Malate dehydrogenase (MDH) (EC:1.1.1.37) utilizes NAD/NADH as coenzyme to reversibly catalyze the oxidation/reduction of the malate/oxaloacetate. The mitochondrial isoenzyme (mMDH) catalyzes the oxidation of malate (MAL), and is the last step of the citric acid cycle, while the cytoplasmic isoenzyme (cMDH) primarily reduces oxaloacetate (OAA) in the cytoplasm. Together, these two isoenzymes participate in the malate-aspartate shuttle to transport the reducing equivalents between the cytoplasm and the mitochondrial matrix. The cytosolic enzyme cMDH tends to be highly expressed in tissues with high ATP demand, such as the heart, in which the malate-aspartate shuttle is particularly active (1,2). One of the functions of the malate-aspartate shuttle is to clear NADH generated by cytosolic substrate oxidation, to allow those processes to remain thermodynamically favorable. Thus, the extent to which the mMDH and cMDH isoforms are sensitive to NAD and NADH is an important factor in determining how the shuttle system is able to regulate cytoplasmic redox state.

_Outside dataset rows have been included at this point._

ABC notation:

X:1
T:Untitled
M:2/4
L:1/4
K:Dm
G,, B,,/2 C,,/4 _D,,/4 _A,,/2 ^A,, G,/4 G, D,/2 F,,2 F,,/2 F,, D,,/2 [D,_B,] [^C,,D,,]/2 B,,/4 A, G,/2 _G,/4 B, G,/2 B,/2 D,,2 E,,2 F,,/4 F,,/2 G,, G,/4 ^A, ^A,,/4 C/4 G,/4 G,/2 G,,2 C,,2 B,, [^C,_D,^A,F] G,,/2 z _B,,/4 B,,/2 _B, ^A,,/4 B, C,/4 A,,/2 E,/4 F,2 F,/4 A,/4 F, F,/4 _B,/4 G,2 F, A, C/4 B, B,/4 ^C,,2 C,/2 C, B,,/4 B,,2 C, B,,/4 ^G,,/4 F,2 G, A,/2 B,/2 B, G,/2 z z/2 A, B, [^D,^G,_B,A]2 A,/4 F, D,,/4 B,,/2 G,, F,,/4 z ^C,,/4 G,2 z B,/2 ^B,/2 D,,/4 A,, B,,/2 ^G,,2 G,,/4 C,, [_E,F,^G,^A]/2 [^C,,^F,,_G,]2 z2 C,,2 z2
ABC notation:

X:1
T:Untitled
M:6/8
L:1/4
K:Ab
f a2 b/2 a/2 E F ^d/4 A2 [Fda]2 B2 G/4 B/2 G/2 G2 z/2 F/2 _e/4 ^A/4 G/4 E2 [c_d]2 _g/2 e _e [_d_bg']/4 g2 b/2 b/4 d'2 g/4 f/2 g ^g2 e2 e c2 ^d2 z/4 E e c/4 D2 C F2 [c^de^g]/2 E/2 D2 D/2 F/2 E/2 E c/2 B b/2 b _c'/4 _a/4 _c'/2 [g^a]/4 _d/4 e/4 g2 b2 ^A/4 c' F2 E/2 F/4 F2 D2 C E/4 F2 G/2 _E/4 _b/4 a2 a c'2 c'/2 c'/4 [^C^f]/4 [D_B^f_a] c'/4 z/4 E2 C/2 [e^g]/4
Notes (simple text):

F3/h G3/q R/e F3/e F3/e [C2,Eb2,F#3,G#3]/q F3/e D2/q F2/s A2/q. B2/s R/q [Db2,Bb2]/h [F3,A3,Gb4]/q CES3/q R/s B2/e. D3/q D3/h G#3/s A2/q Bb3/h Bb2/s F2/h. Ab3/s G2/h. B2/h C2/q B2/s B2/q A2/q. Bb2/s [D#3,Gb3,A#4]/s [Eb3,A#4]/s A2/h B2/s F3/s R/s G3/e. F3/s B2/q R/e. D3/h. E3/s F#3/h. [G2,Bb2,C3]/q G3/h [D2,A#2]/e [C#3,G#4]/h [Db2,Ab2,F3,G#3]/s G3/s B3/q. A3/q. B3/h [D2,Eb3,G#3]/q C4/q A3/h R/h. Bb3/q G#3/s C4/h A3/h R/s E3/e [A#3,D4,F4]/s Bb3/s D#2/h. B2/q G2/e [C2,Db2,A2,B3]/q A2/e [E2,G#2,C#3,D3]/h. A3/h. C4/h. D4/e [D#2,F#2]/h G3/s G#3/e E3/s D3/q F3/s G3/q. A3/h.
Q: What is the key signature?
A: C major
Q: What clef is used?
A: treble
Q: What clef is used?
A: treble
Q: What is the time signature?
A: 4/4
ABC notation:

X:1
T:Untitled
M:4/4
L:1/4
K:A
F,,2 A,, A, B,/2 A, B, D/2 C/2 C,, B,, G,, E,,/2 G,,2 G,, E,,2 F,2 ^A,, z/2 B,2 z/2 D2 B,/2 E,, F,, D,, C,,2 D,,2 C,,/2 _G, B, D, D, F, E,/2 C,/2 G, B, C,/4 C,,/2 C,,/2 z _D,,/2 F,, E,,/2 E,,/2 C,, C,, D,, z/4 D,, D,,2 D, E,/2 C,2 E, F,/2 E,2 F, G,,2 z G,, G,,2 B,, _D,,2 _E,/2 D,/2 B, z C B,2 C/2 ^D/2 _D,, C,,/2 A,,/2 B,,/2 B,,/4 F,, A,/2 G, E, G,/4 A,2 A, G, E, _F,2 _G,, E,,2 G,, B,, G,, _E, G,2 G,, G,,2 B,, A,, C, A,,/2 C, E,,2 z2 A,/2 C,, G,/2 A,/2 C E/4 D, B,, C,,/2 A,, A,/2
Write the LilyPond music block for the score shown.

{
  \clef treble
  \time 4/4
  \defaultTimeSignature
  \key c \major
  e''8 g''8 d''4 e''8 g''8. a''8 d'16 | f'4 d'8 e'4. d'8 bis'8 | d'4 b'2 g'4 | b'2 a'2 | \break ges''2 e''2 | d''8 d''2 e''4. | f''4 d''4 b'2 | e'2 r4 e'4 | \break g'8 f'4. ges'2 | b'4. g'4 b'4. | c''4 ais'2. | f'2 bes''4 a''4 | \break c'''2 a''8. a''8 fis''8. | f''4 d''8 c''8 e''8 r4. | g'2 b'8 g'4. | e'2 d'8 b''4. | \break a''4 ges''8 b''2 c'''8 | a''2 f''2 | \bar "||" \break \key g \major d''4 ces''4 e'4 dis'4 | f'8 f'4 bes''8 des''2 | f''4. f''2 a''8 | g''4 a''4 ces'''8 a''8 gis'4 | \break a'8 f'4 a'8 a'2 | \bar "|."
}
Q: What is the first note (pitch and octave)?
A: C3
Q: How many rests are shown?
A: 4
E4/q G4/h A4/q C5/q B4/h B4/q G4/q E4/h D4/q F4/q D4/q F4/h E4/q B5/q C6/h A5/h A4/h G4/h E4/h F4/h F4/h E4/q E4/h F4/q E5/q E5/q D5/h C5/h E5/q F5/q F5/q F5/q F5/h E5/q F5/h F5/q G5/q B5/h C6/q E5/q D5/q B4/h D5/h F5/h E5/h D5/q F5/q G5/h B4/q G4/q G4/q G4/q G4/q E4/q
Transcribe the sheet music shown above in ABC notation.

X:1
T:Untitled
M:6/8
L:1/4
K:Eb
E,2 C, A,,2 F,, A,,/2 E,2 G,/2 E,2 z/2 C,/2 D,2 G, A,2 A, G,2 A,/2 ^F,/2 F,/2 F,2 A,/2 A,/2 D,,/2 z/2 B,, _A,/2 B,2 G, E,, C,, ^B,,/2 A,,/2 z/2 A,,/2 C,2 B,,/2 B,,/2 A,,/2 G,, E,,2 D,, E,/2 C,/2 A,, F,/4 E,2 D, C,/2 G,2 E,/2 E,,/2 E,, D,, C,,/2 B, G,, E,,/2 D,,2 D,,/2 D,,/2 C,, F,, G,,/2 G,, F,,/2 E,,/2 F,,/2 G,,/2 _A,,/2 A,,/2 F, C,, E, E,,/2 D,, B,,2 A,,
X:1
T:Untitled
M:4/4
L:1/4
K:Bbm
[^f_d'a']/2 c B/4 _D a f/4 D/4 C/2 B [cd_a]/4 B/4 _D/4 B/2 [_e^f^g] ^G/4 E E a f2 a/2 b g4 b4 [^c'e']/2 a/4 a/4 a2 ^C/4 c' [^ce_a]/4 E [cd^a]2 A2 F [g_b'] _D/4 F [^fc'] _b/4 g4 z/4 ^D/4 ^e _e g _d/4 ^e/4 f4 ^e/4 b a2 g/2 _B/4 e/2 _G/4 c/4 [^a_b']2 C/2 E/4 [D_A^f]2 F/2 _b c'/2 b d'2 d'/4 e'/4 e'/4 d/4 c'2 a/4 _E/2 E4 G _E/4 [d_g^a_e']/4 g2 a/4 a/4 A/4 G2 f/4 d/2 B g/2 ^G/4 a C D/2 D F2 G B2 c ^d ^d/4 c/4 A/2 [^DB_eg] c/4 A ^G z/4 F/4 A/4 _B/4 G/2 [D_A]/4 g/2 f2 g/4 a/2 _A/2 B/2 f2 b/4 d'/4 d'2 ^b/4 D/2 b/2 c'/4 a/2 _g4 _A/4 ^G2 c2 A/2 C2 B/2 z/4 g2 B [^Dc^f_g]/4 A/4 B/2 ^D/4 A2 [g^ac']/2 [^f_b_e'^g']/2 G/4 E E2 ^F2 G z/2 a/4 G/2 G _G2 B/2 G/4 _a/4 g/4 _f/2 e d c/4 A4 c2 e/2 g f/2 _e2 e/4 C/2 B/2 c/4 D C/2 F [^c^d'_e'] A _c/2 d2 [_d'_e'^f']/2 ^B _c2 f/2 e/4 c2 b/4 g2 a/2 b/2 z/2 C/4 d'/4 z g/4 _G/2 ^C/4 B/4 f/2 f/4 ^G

Both the isoenzymes are homodimers with molecular mass of ∼70 kDa per dimer (3). Despite low structural similarity between the two isoenzymes, the key residues in the catalytic loop are conserved (3). The cMDH is more polar and acidic compared to mMDH due to the presence of more acidic residues in cMDH compared to mMDH (3). The mMDH dissociates to monomer at pH of ∼5 (4) while, perhaps related to its acidic nature, the cMDH remains dimerized even at low pH values (3).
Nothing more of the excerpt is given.